L'accroissement du domaine
royal
A Richard
Coeur de Lion avait succédé Jean
sans Terre, type de despote insolent, cruel et vicieux; l'affaire de
l'enlèvement d'Isabelle Taillefer brouilla le roi
d'Angleterre avec les barons poitevins, qui en appelèrent à
Philippe-Auguste. Celui-ci fit condamner son vassal par sa cour, et en
exécution du jugement s'empara de la Normandie,
de l'Anjou et de la Touraine
(1202-1206). La lutte entre les rois de
France et les rois d'Angleterre dura jusqu'en 1259, coupée par
des trêves éphémères. En 1213 et en 1216, Jean
sans Terre faillit même être chassé de son trône.
Finalement, par le traité de Paris
de 1259, le roi d'Angleterre Henri III
abandonna pour toujours la Normandie, l'Anjou, le Maine et le Poitou
et garda le Limousin, le Quercy
et le Périgord, qui formèrent
la partie septentrionale du duché de Guyenne.
L'empire angevin
était ruiné; la royauté capétienne avait en
sa puissance les embouchures de la Seine
et de la Loire.
A ses conquêtes sur Jean sans Terre, l'actif Philippe-Auguste avait
ajouté l'Artois, l'Amiénois,
le Valois, le Vermandois,
une partie du Berry, les comtés de Clermont,
de Beaumont et d'Alençon, l'Auvergne
et avait placé sous son contrôle direct la Flandre
et le Ponthieu. Son continuateur Louis
VIII, qui ne régna que trois ans, annexa au domaine royal une
partie du Perche et du Ponthieu et quelques
seigneuries.
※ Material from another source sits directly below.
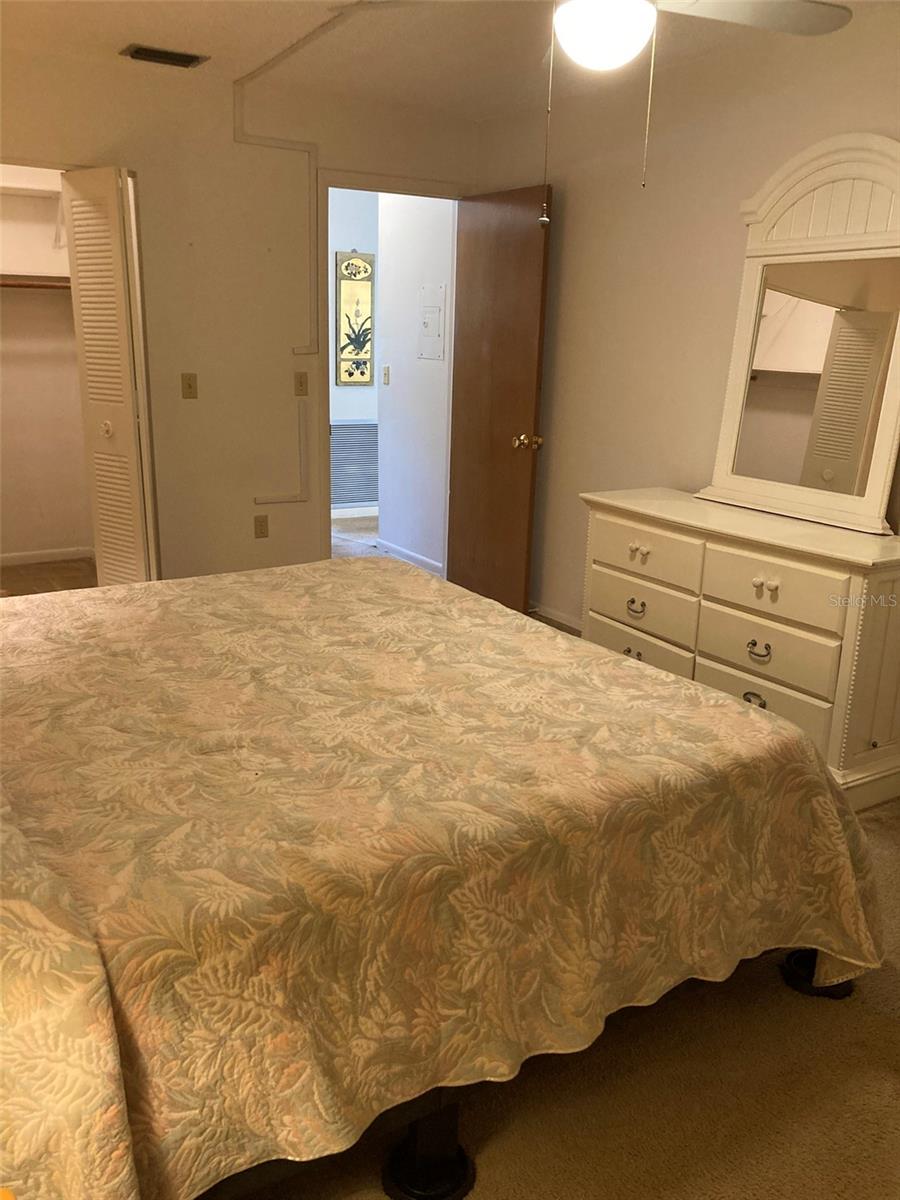 FIVE TOWNS OF ST PETE - Residential Lease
De plus, c'est pendant ce petit règne que les domaines
du comte de Toulouse furent donnés
au roi de France par la papauté;
Philippe-Auguste, absorbé par sa lutte contre l'Angleterre, avait
laissé la noblesse du Nord se partager les dépouilles des
hérétiques albigeois, mais le
fils de Simon de Montfort, le faible Amauri,
avait dû renoncer aux conquêtes faites par son père;
sur l'invitation d'Honorius III, Louis VIII
prit la direction de la croisade (1226).
Sous la régence
de Blanche de Castille, en 1229, un traité
assura l'héritage du comte de Toulouse à Alphonse,
frère de Louis IX. Alphonse eut aussi
le Poitou et l'Auvergne, car Louis VIII avait renouvelé la coutume
des apanages; ses autres fils, Robert et
Charles, eurent le premier l'Artois, et
le second l'Anjou et le Maine, auxquels un mariage joignit la Provence;
à l'extinction de la descendance masculine des apanagés,
ces domaines devaient donc provisoirement diminué sous le règne
de saint Louis, malgré l'annexion des comtés de Blois,
de Chartres et de Sancerre; notons en passant
que saint Louis renonça à sa suzeraineté sur le Roussillon
et la Catalogne, qui appartinrent dès
lors en toute souveraineté au roi d'Aragon. Philippe
le Hardi recueillit l'héritage immense d'Alphonse de Poitiers
et acquit le comté de Nemours. Ses successeurs annexèrent
la Champagne, la Brie,
le royaume de Navarre, les comtés
de la Marche et d'Angoulême;
Philippe le Bel tourna aussi ses regards
vers l'Est; après une lutte acharnée contre les Flamands,
il s'empara de la Flandre wallonne, entre
Lys et Escaut
; enfin il acquit Tournai et Lyon.
Le pouvoir des rois
Quant au pouvoir et
au prestige de la royauté, ils ne cessèrent de croître
pendant cette période. Tâchons de nous représenter
ce qu'est le roi de France dans le premier quart du XIIIe
siècle. Il vit de préférence à Paris,
au Louvre; Paris est maintenant pavé,
a des halles, et la cathédrale
dédiée à Notre-Dame s'achève lentement.
Mais le roi fréquente aussi ses châteaux de Mantes,
d'Anet, de Vincennes,
de Fontainebleau, de Saint-Germain.
Il vit entouré de sa famille, de ses grands officiers, de quelques
amis intimes comme Enguerrand de Coucy et Bouchard
de Marly, et enfin de ces familiers, clercs,
chevaliers, bourgeois même, qui le conseillent et expédient
ses affaires, entourage permanent auquel s'adjoignent de nombreux hôtes
de passage et les baillis en congé.
A l'époque
où les organes divers du gouvernement anglais vivent déjà
d'une vie distincte, l'institution embryonnaire de la curia regis
et des assemblées capétiennes existe encore en France. L'institution
des baillis elle-même n'a pas un fonctionnement régulier.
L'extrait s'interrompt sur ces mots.